To do
In your copy of the data below, reproduce every entry exactly and omit the pictures.

### Information given ###

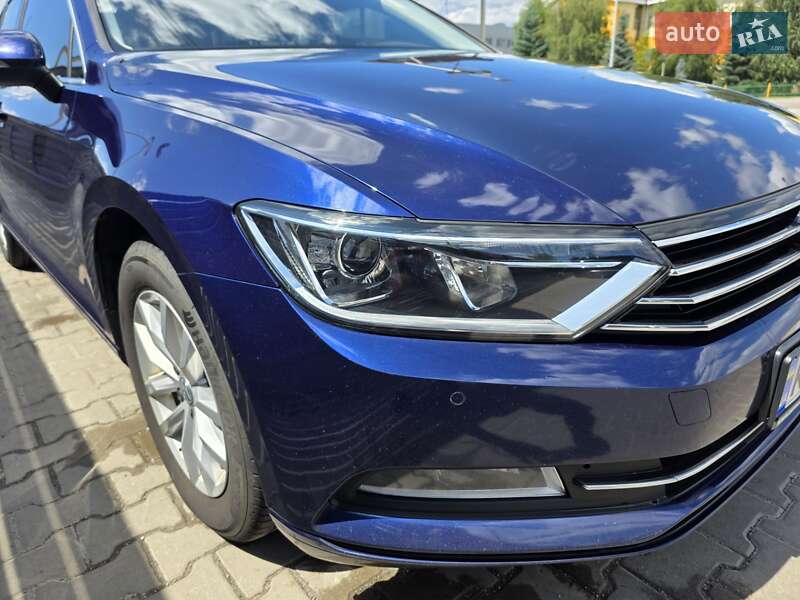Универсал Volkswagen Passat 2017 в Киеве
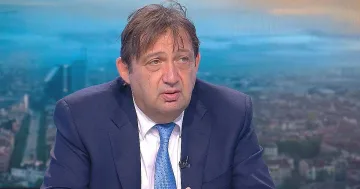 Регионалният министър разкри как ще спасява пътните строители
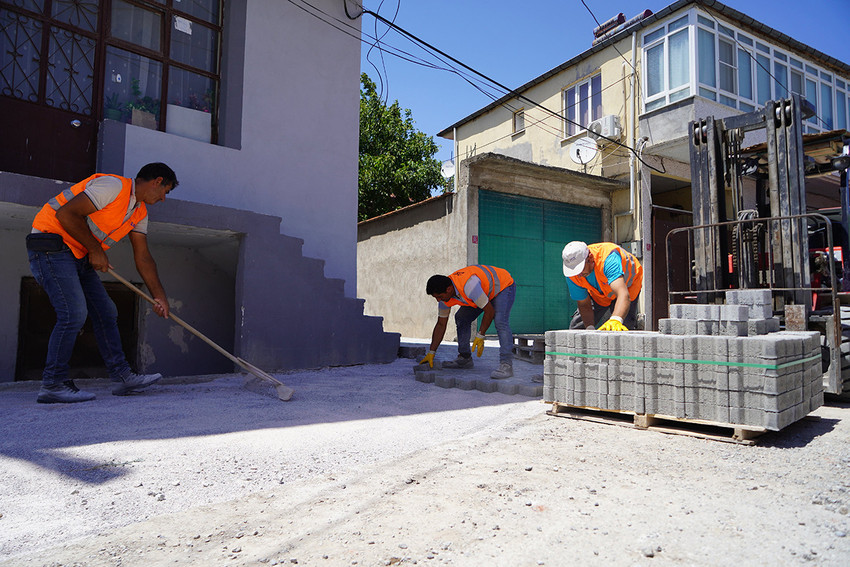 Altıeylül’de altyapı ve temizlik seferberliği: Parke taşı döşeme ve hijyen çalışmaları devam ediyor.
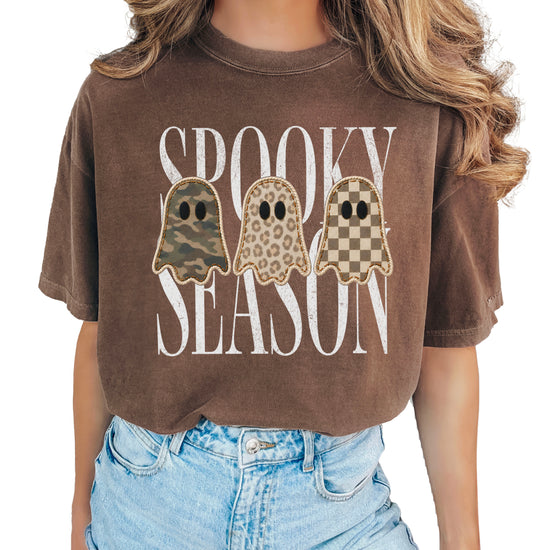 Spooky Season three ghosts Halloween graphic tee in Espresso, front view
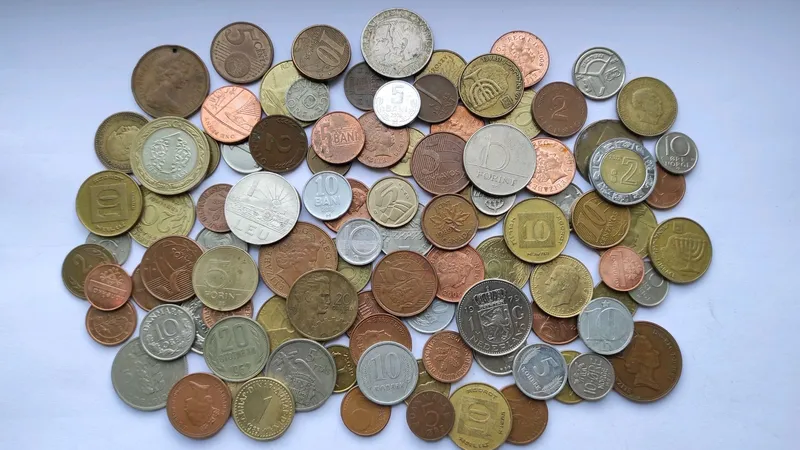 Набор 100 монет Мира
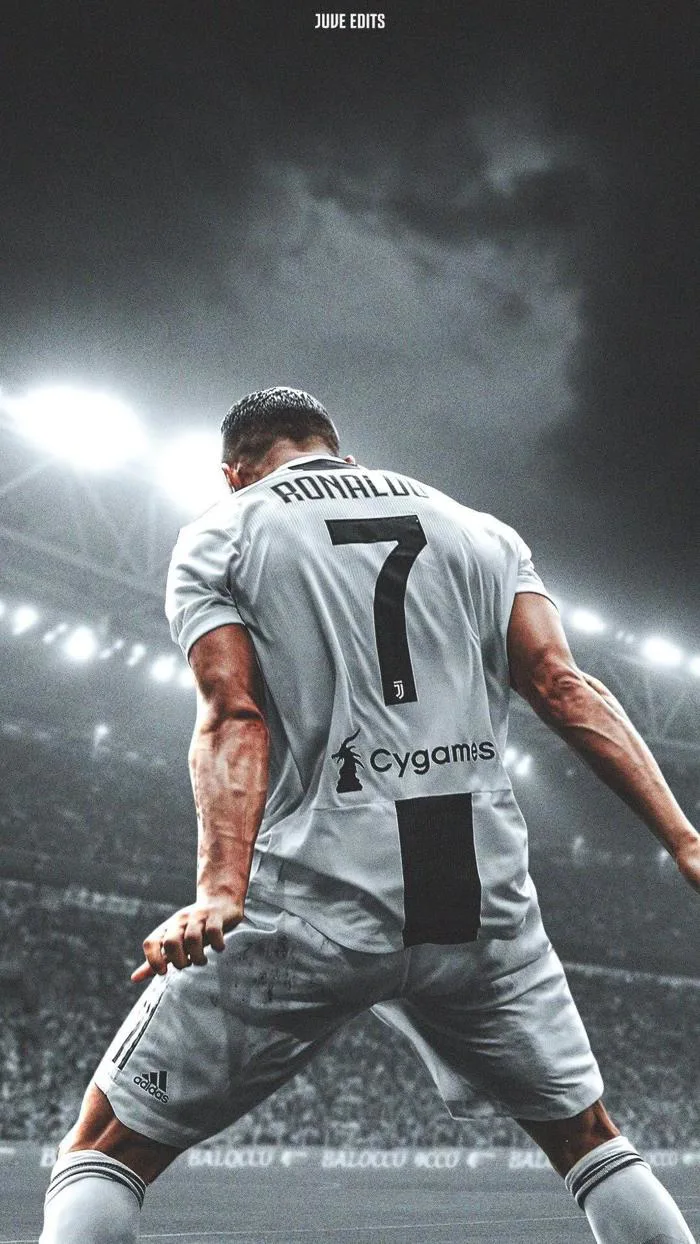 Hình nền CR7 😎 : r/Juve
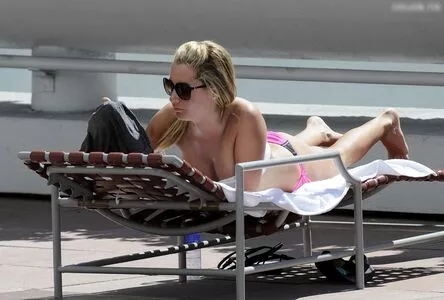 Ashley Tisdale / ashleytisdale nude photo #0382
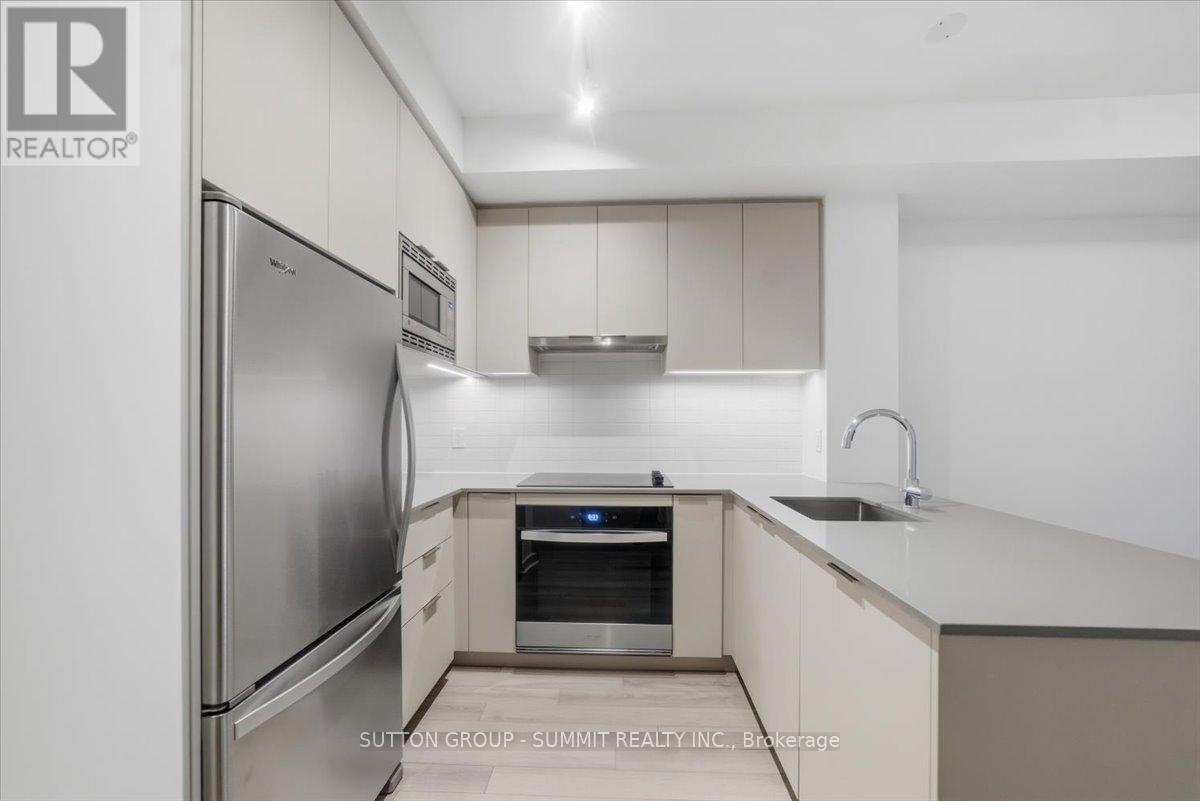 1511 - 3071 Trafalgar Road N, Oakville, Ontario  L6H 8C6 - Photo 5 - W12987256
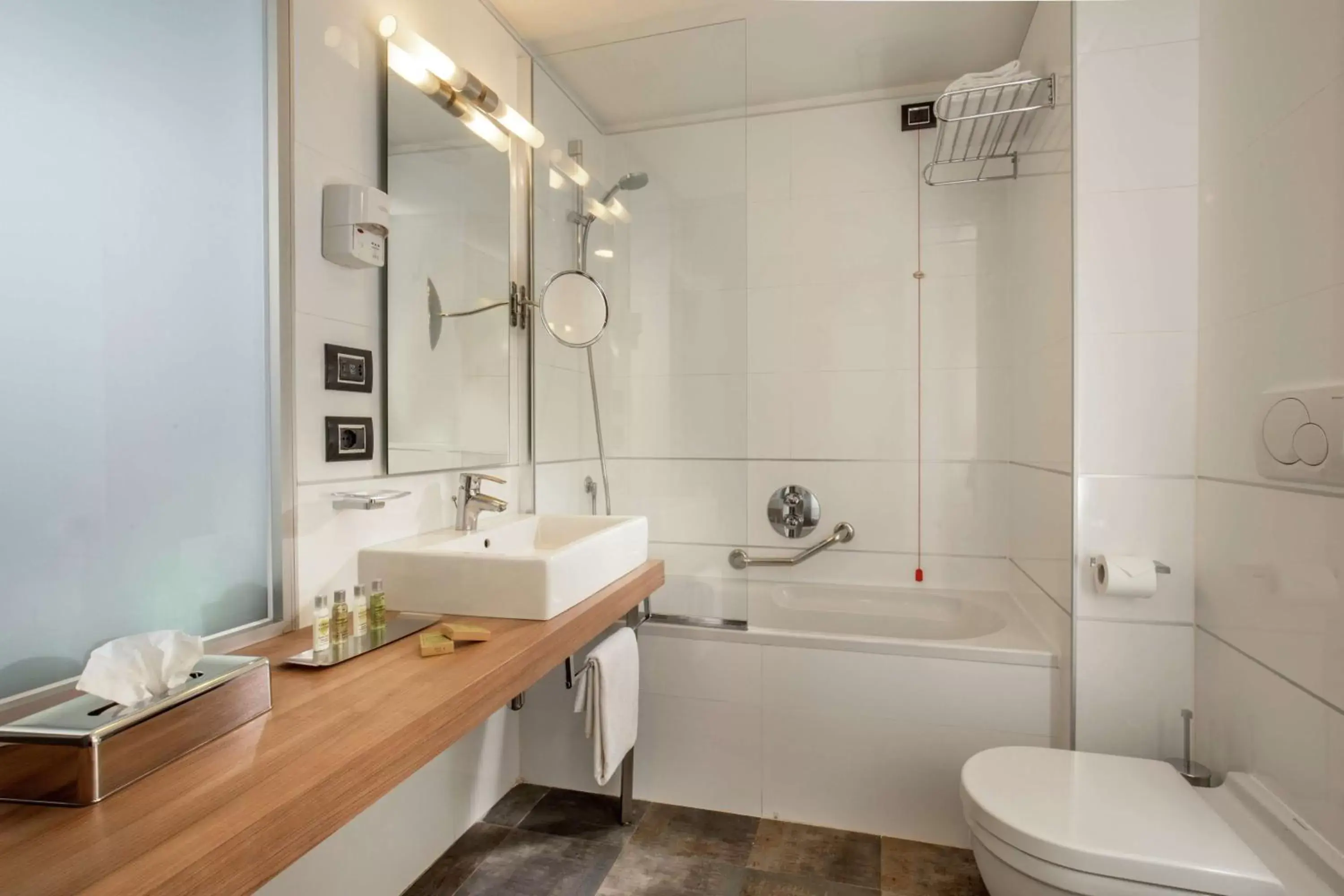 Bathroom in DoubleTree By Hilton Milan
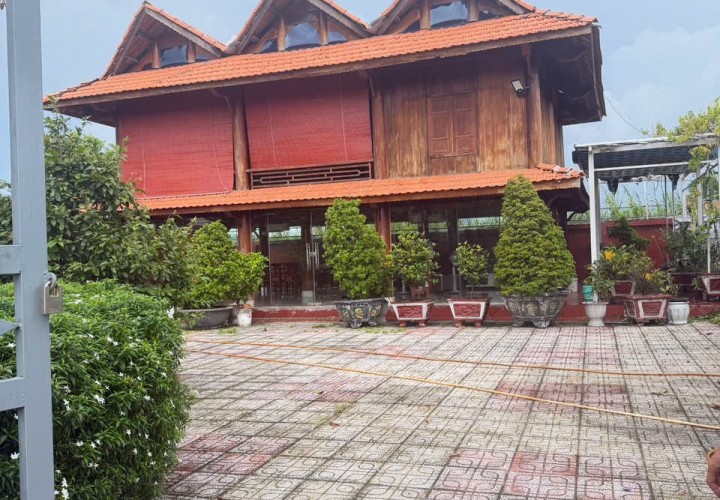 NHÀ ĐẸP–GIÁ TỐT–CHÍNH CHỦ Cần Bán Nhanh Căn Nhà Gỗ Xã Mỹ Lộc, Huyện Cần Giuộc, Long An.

###

Task result
Универсал Volkswagen Passat 2017 в Киеве
 Регионалният министър разкри как ще спасява пътните строители
 Altıeylül’de altyapı ve temizlik seferberliği: Parke taşı döşeme ve hijyen çalışmaları devam ediyor.
 Spooky Season three ghosts Halloween graphic tee in Espresso, front view
 Набор 100 монет Мира
 Hình nền CR7 😎 : r/Juve
 Ashley Tisdale / ashleytisdale nude photo #0382
 1511 - 3071 Trafalgar Road N, Oakville, Ontario  L6H 8C6 - Photo 5 - W12987256
 Bathroom in DoubleTree By Hilton Milan
 NHÀ ĐẸP–GIÁ TỐT–CHÍNH CHỦ Cần Bán Nhanh Căn Nhà Gỗ Xã Mỹ Lộc, Huyện Cần Giuộc, Long An.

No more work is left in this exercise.